With a remarkably mild winter this year, farmers across the country are noting some startling effects of the unusual climate.
While many farmers typically cheer for warm weather, this season’s incredibly mild winter may cause problems for farmers across the country, particularly those in the Northeast. According to the Northeast Regional Climate Center, the 2011-2012 winter is the mildest on record, with average temperatures five degrees higher than usual.
The warmer weather has caused many plants to begin budding earlier than usual. One Connecticut farmer reported seeing her maple trees budding already, which means a shorter season and darker syrup with a different taste. Many farmers have reported daffodils blooming and many birds and insects that aren’t normally seen until the end of March.
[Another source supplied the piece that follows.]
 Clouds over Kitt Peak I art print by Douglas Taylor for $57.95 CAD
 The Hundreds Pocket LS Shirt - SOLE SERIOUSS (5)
Many farmers are already changing their planting patterns. For example, many Northeast farmers are planting pumpkins in the summer, since the warmer weather has expanded their growing cycle.
Other farmers across the country have not been able to adapt as easily. The warming pattern is not unique to the Northeast. According to a U.S. Department of Agriculture report, temperatures in most areas of the U.S. have increased one to two degrees over the past 50 years.
For some farmers this means excess crops and lower prices. Strawberry farmers in California and Florida, for example, have seen record harvests this winter, which have driven down prices and could threaten many farmers in the region.